Os 1,5 mil docentes 'nota zero' da rede paulista são apenas a ponta do iceberg

Rodrigo Martins

Professora de História e Sociologia, Anatalina Lourenço da Silva, de 40 anos, leciona na rede estadual de São Paulo há dezesseis anos. Apesar da longa trajetória, a docente nunca deixou de ser uma profissional temporária. Em 2008 trabalhava nove horas semanais para ganhar 312 reais por mês. E, como todos os demais temporários da rede, no fim do ano passado ela teve de fazer uma prova de avaliação da Secretaria de Educação do Estado, a primeira do gênero que contaria pontos para a contratação de professores não concursados no atual ano letivo, iniciado em fevereiro. Anatalina acertou mais de 70% das perguntas de Sociologia e dois terços das questões de História. Apesar do bom desempenho no exame, chegou a ser chamada de “entulho” na porta do colégio onde leciona, no Jardim Boa Vista, capital paulista, próximo ao quilômetro 17 da Rodovia Raposo Tavares, por um grupo de mães de alunos. Motivo: a divulgação de que 3 mil professores, dos quais metade atuam na rede estadual e a outra leciona em outras redes de ensino ou está iniciando a carreira agora, zeraram na prova, um triste retrato da qualidade do ensino público no País.

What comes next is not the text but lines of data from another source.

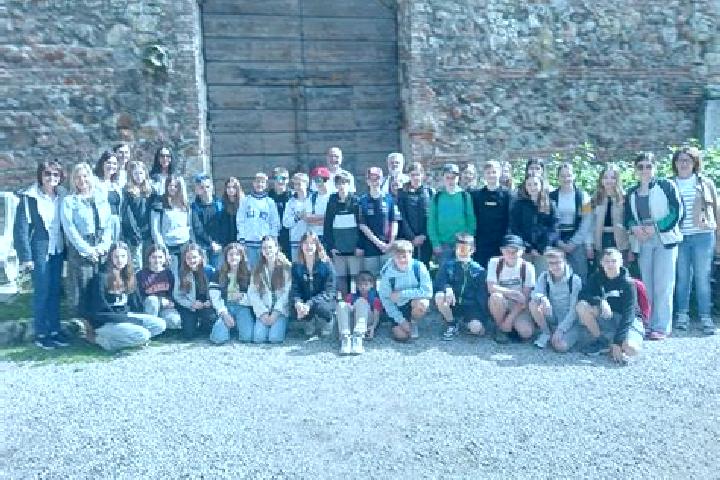 Escorts Monte di Malo, Italy — Local Companions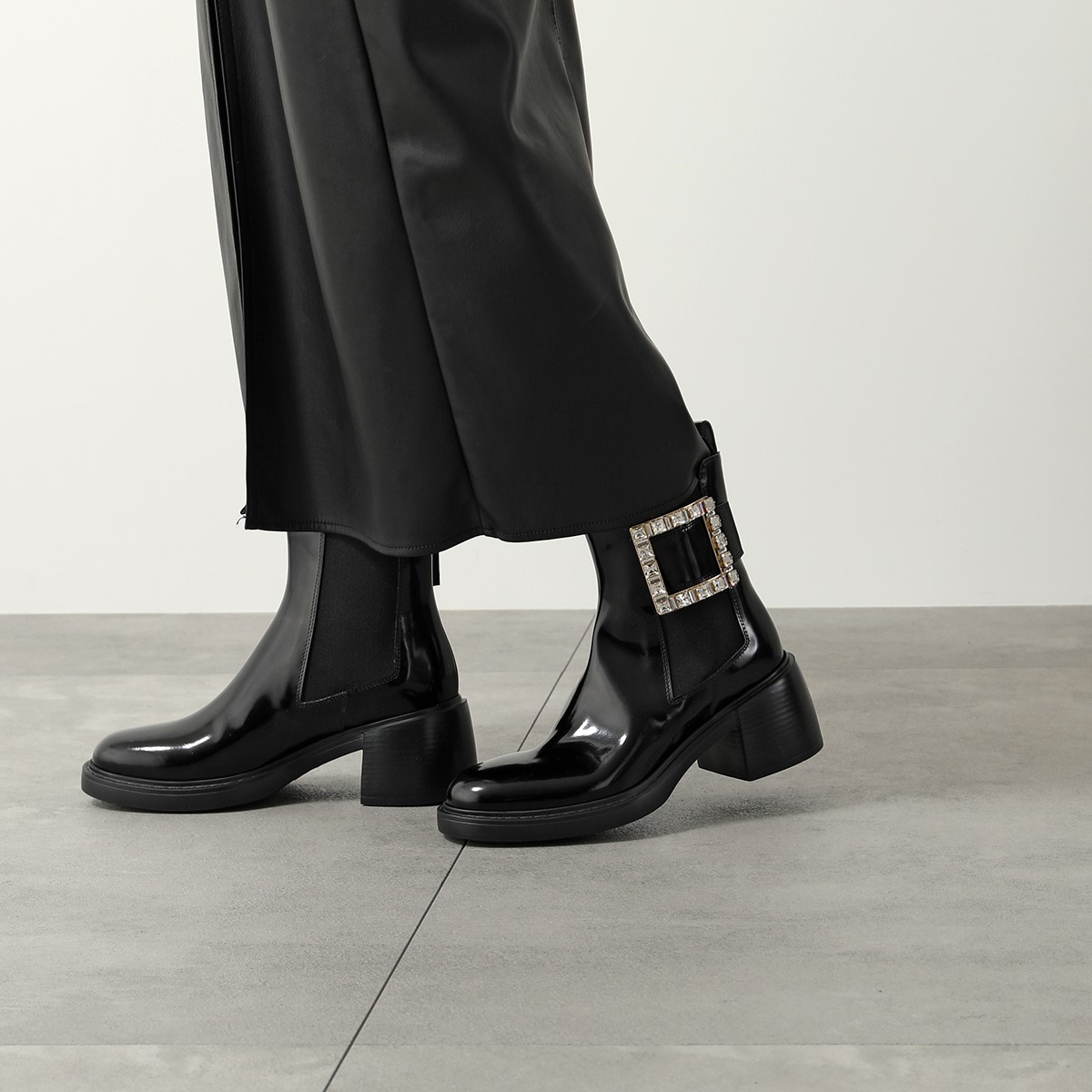 楽天市場】【最大2万円OFFクーポン対象・3/1限定】ROGER VIVIER ロジェ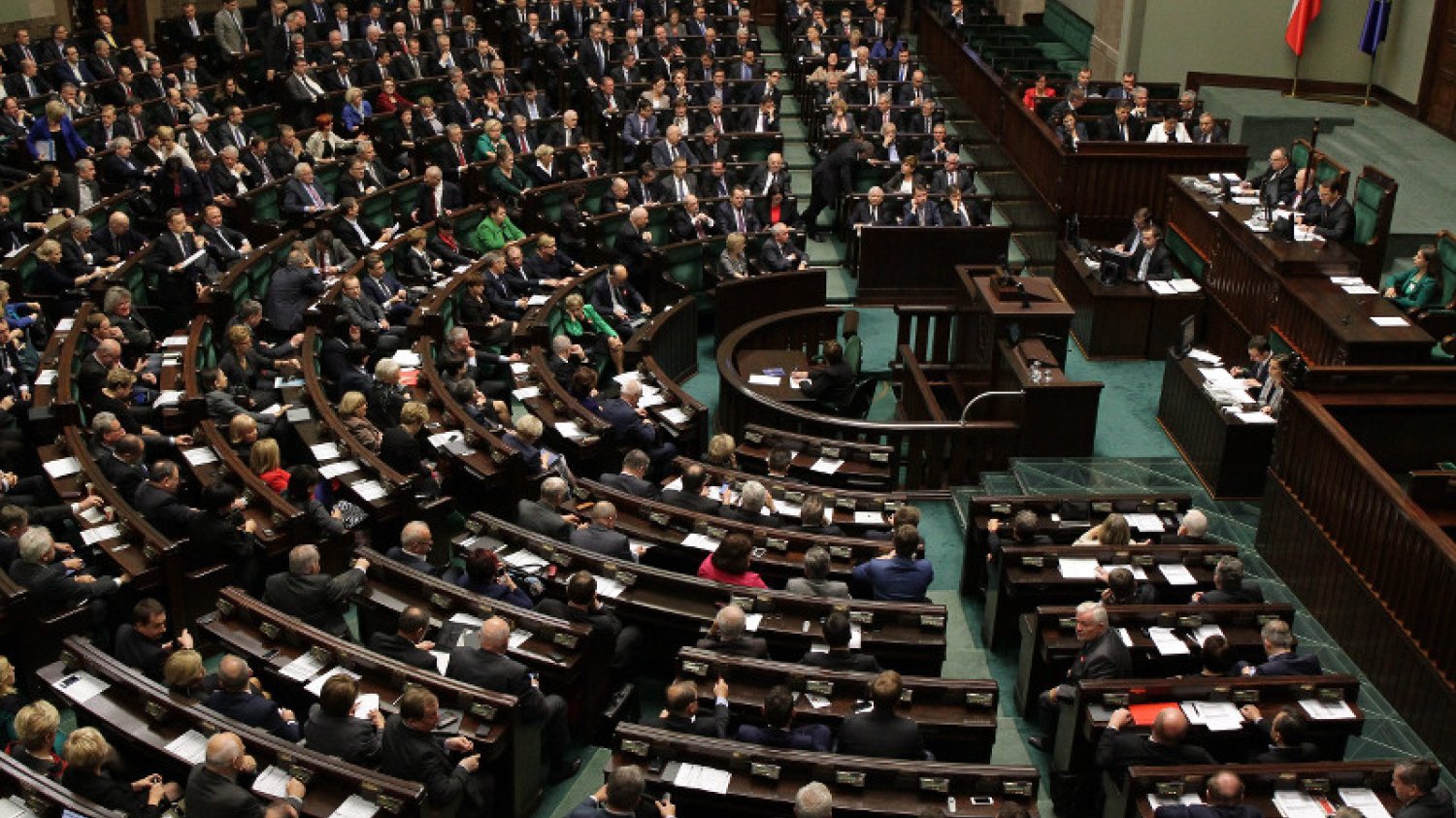 Sejm w nocy uchwalił nową ustawę budżetową.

“Só que ninguém levou em consideração que a rede tem mais de 100 mil temporários, boa parte deles bem avaliados, e que muitos dos ‘professores nota zero’ entregaram a prova em branco sob forma de protesto”, lamenta. Anatalina precisa fazer dupla jornada de trabalho. Em 2001, passou no concurso público da rede municipal paulistana e desde então leciona nos dois sistemas. Vinte e cinco horas semanais nas escolas municipais lhe rendem 1,8 mil reais por mês, ao somar o salário e os abonos oferecidos pela prefeitura. “Comparada com a maioria dos meus colegas da rede estadual, posso dizer que sou uma privilegiada”, comenta. A professora diz que nem sempre foi assim. Em 2000, como temporária da rede estadual, ficou quatro meses parada, sem dar aulas. “Tive o telefone cortado, quase fui despejada da minha casa por atrasar o aluguel e tomei empréstimos para pagar água e luz”, comenta. “Conheço colegas que tiveram de mudar para favelas e cortiços por conta dessa instabilidade permanente.” São Paulo tem a maior rede de ensino do Brasil, com mais de 5,3 mil escolas e 5 milhões de estudantes. Também detém o maior número absoluto de professores temporários. Em dezembro de 2008, eram mais de 104 mil temporários para 113 mil efetivos. Hoje, segundo a Secretaria Estadual, os temporários somam 90 mil profissionais, o terceiro maior porcentual do País (43%), atrás apenas de Minas Gerais e do Mato Grosso. Estima-se que cerca de 300 mil docentes brasileiros são provisórios. Efetivos mesmo, só quem passa em concurso público, com prova e análise de currículo acadêmico. Mas, em São Paulo, o último concurso, para a contratação de 16 mil professores, aconteceu há dois anos. Em junho de 2008, em meio à greve de professores que durou 21 dias, a secretária estadual de Educação Maria Helena Guimarães de Castro prometeu criar 75 mil vagas para professores concursados. Sete meses após o anúncio, o governador José Serra nem sequer havia encaminhado uma proposta à Assembleia Legislativa, que deve ser consultada para a criação de novos cargos.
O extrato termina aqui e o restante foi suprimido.